In this week’s two minute property investment news video I talk about the increase in people taking out investment property loans.
One way to track who’s buying property, is to see who’s borrowing money. Anyone competing to buy property has probably noticed the return of the investor, and now the numbers have come out to prove they’re in force.
The latest findings from the Roy Morgan Research Consumer Single Source survey show that over the past four years the number of investment property loans in Australia has grown by 37 per cent compared to an increase of only 4 per cent in the number of owner-occupied loans.
In 2010, just under one million Australians aged over 18 had an investment property loan compared to an estimated 1.31 million as at March 2014, which is an increase of 37 per cent.
Over the same period, the number of Australians with an owner-occupied home loan increased from 4.66 million to 4.83 million, which is an increase of only four per cent.
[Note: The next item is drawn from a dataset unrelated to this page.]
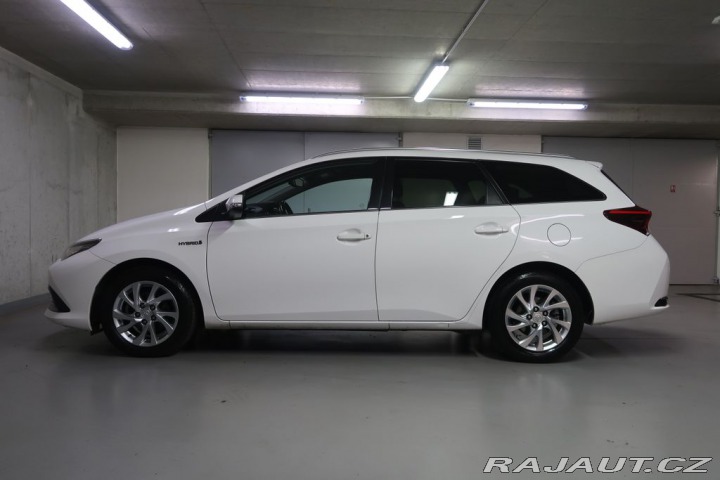 Toyota Auris 1.8Hybrid,CZ,Comfort 2016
According to the survey, the growth in investment property loans has been driven by the 35 to 64 age group, which accounts for 78 per cent of the increase.
Norman Morris, a communications director at Roy Morgan, notes the level of borrowing by investors in coming years will be highly dependent on government policy and the economic climate.
Morris says “The future of negative gearing, increased property investment by self-managed super funds and interest rates are some of the factors likely to play an important role in the attractiveness of borrowing for investment property in the future.”